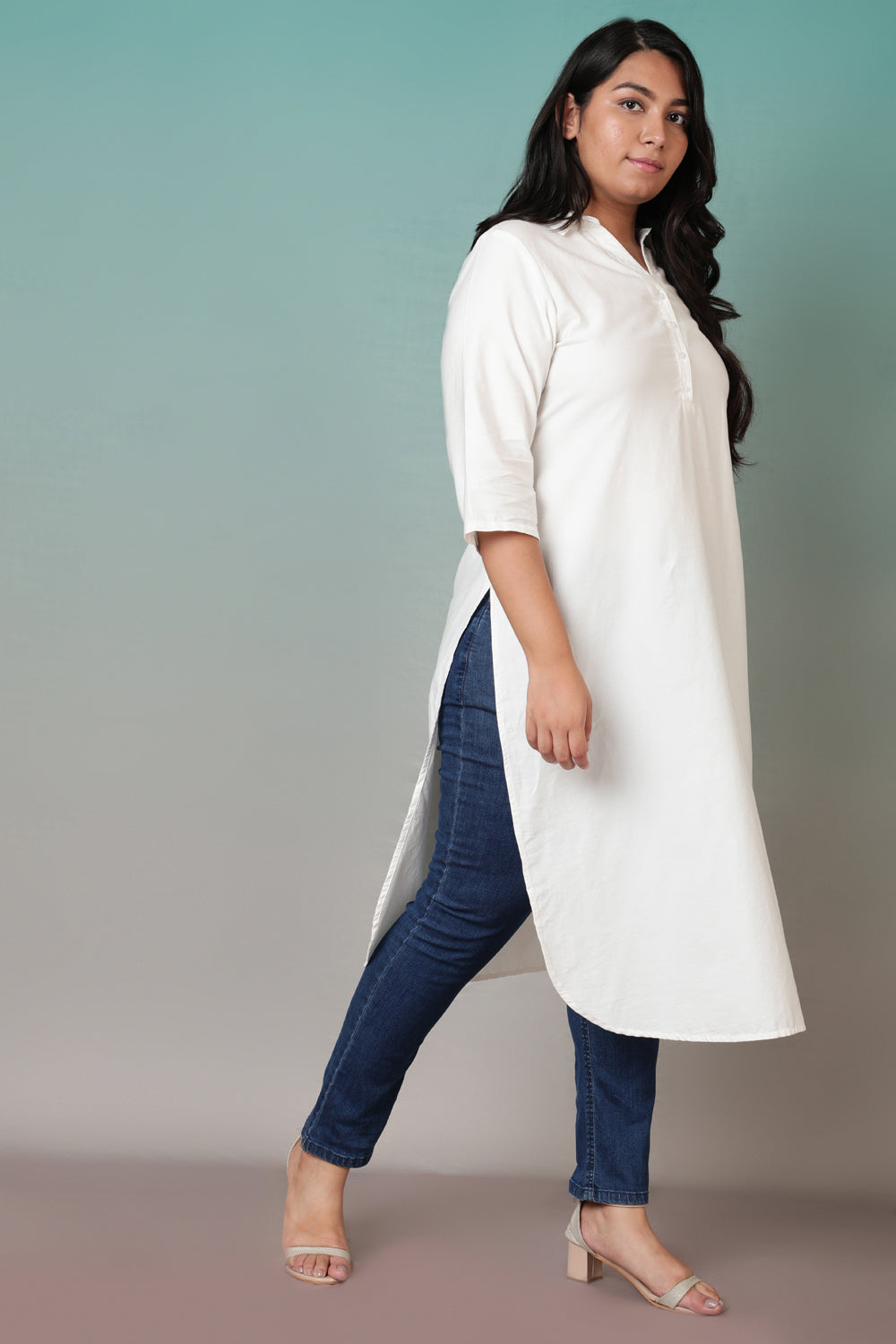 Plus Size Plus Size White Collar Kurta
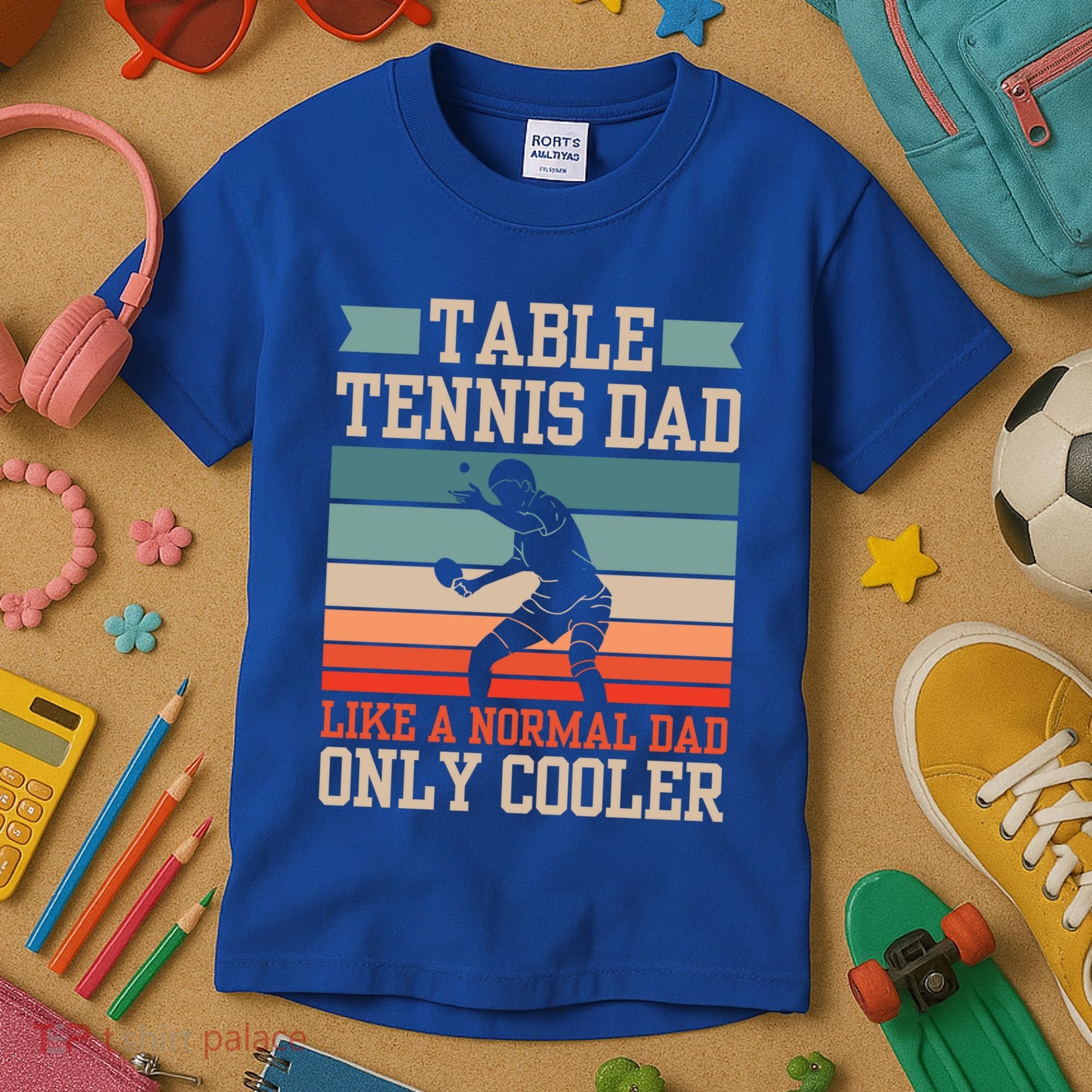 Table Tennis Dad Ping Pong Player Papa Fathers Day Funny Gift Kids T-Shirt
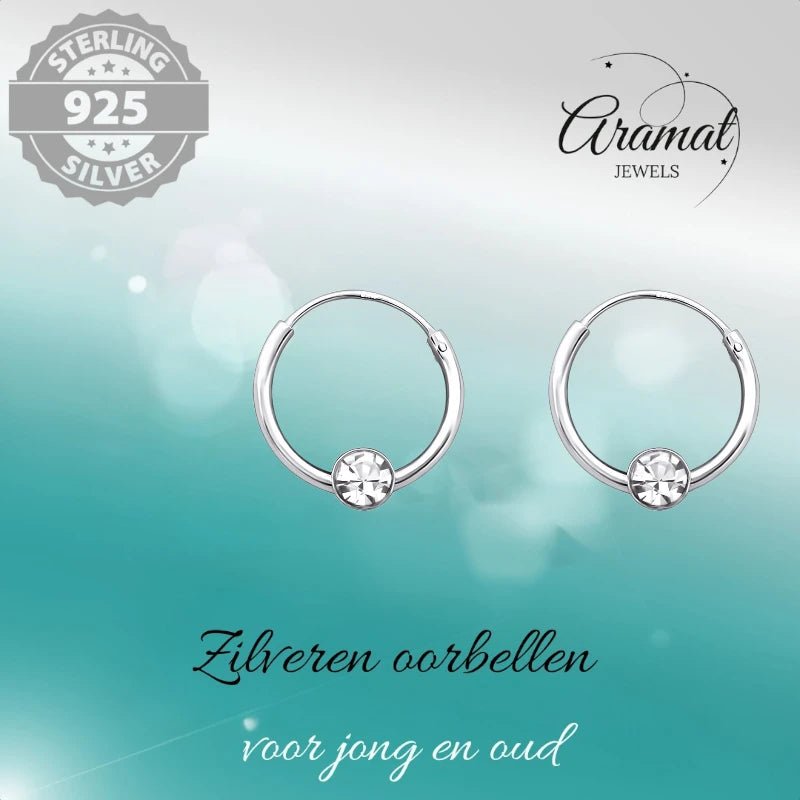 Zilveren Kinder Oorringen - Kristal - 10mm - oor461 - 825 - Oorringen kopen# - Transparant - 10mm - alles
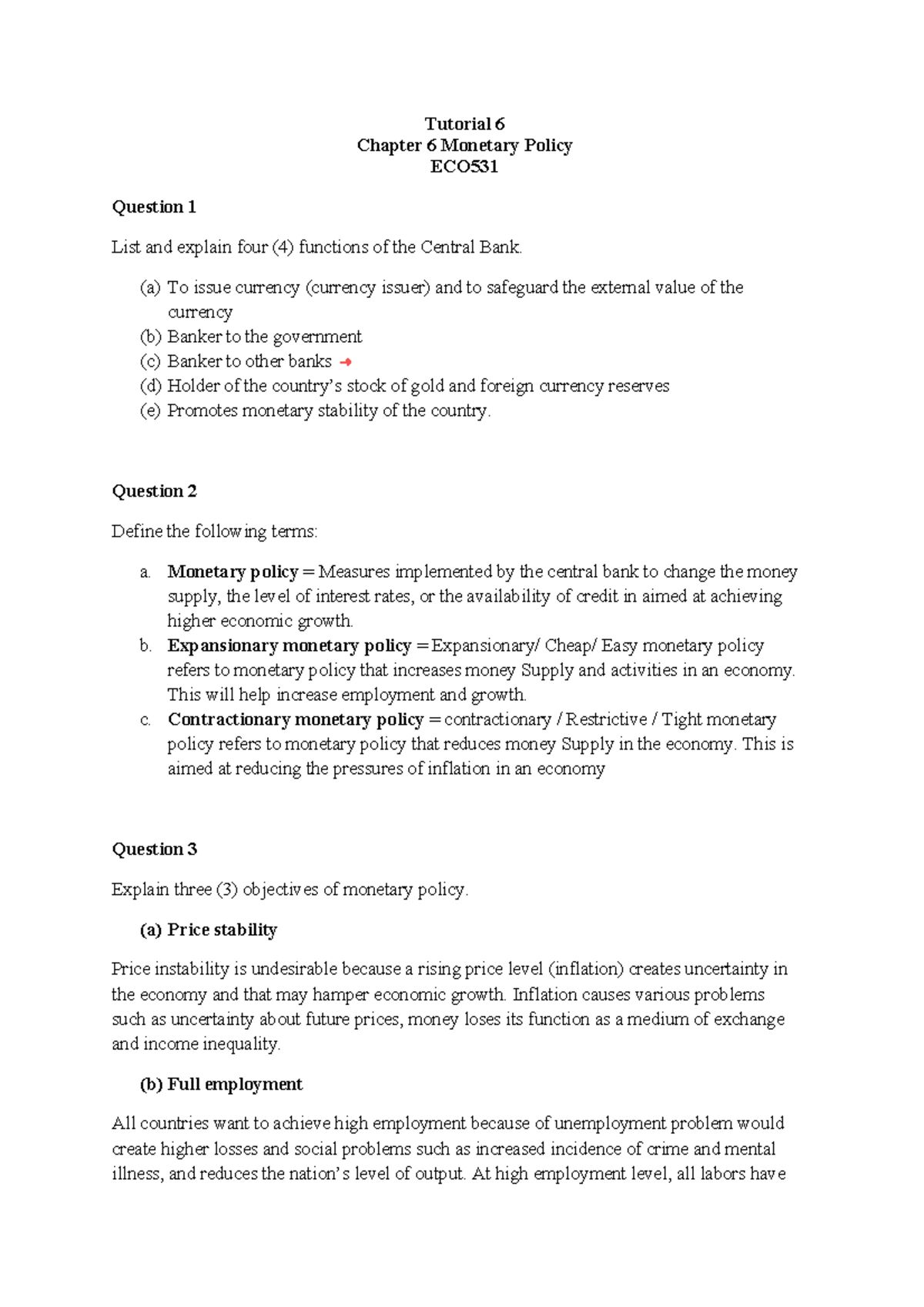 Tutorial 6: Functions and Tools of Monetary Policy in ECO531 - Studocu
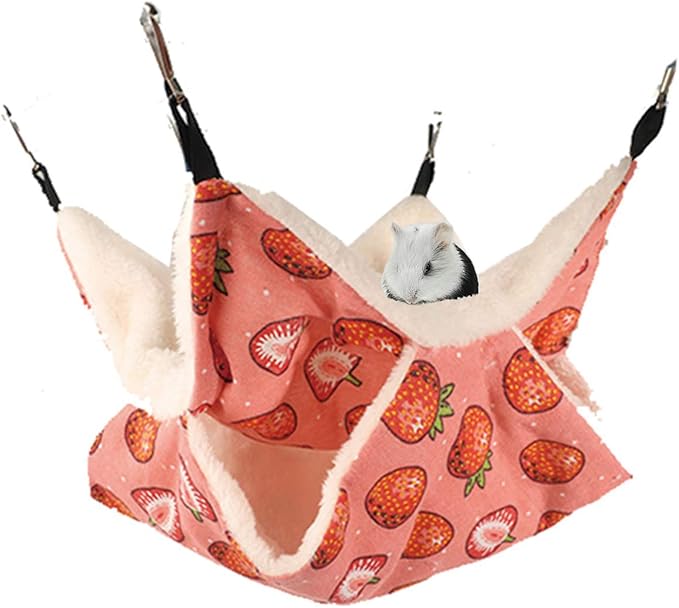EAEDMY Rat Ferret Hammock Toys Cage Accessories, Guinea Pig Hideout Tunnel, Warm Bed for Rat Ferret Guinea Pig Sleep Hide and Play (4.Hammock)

**About this exercise**
Transcribe the listing exactly; skip the pictures.

**Reply to the task**
 Plus Size Plus Size White Collar Kurta
 Table Tennis Dad Ping Pong Player Papa Fathers Day Funny Gift Kids T-Shirt
 Zilveren Kinder Oorringen - Kristal - 10mm - oor461 - 825 - Oorringen kopen# - Transparant - 10mm - alles
 Tutorial 6: Functions and Tools of Monetary Policy in ECO531 - Studocu
EAEDMY Rat Ferret Hammock Toys Cage Accessories, Guinea Pig Hideout Tunnel, Warm Bed for Rat Ferret Guinea Pig Sleep Hide and Play (4.Hammock)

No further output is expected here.